Please reproduce every record exactly as written, leaving out the pictures.

(Short descriptive text snippets)
# # #

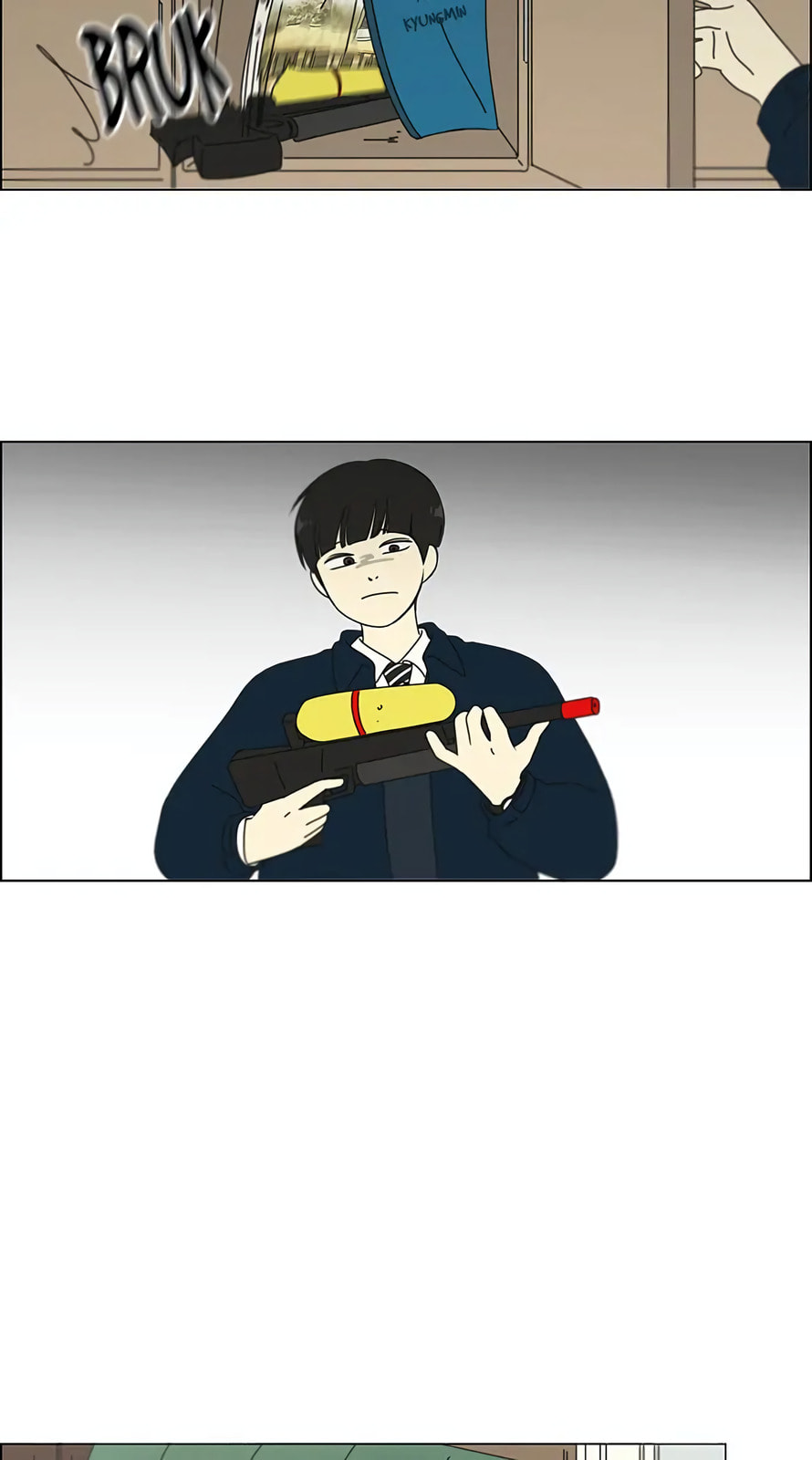 Love Revolution Chapter 103 page 41 - 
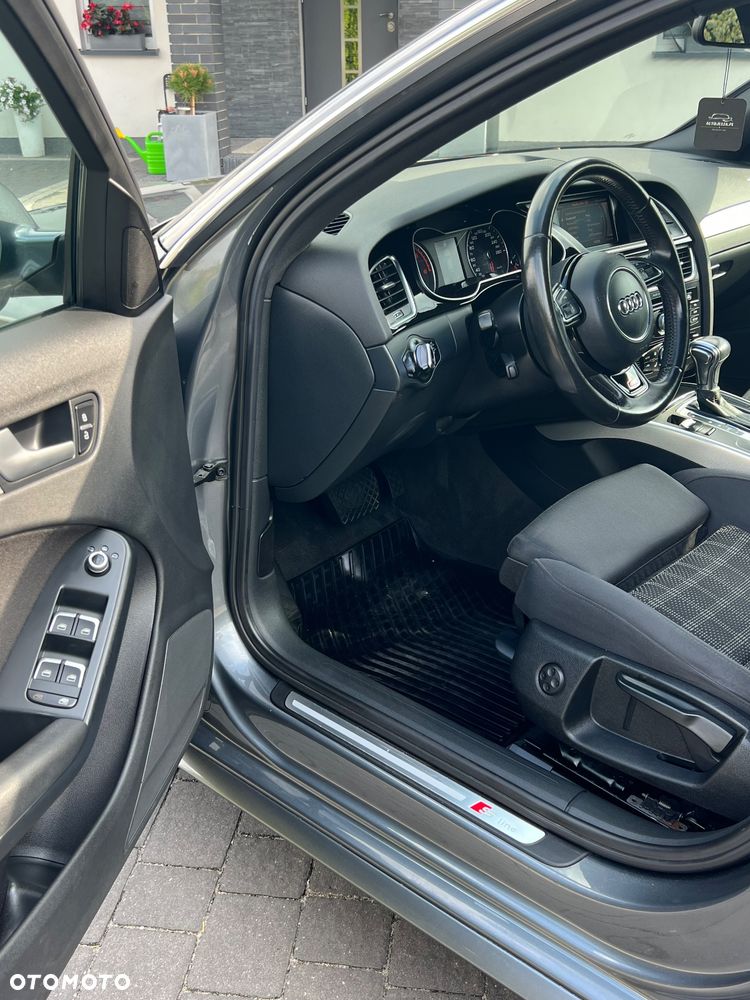 Audi A4 Avant 2.0 TDI DPF quattro S tronic S line Sportpaket - 21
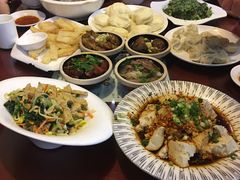 油泼豆腐-二楼餐厅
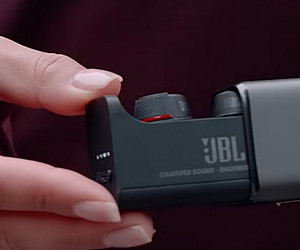 JBL Under Armour FLASH review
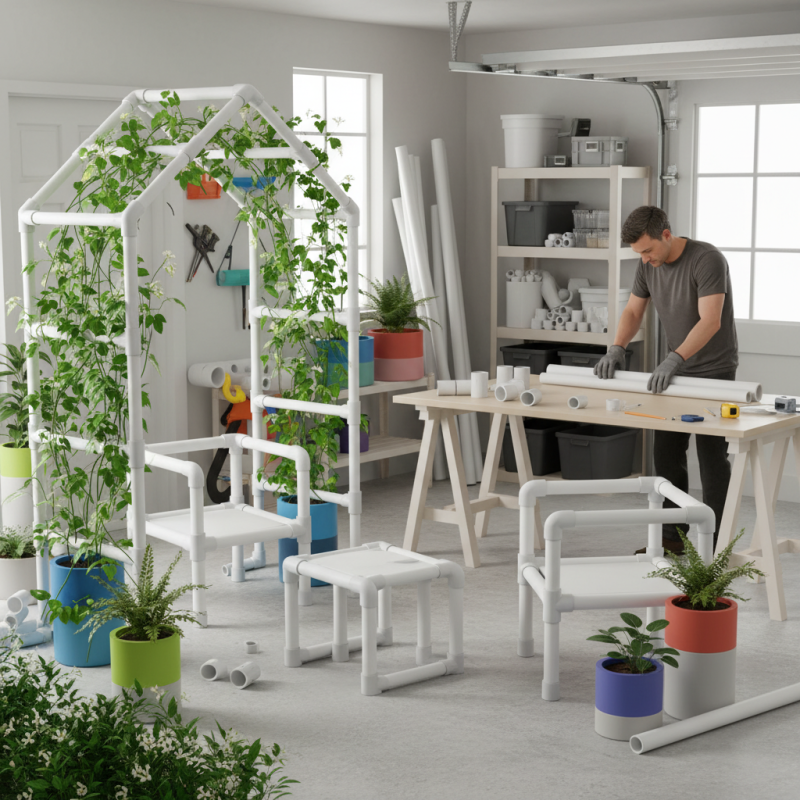 2026 How to Use 6 PVC Pipe for Your DIY Projects?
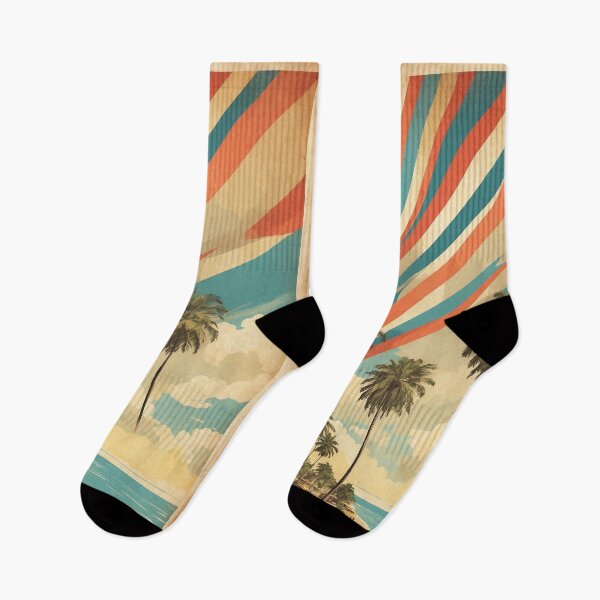 Item preview, Fort Lauderdale Florida EE.UU. Vintage Viajes Turismo designed and sold by TravelersGems.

# # #

- _EXERCISE RESPONSE_
 Love Revolution Chapter 103 page 41 - 
 Audi A4 Avant 2.0 TDI DPF quattro S tronic S line Sportpaket - 21
 油泼豆腐-二楼餐厅
 JBL Under Armour FLASH review
 2026 How to Use 6 PVC Pipe for Your DIY Projects?
 Item preview, Fort Lauderdale Florida EE.UU. Vintage Viajes Turismo designed and sold by TravelersGems.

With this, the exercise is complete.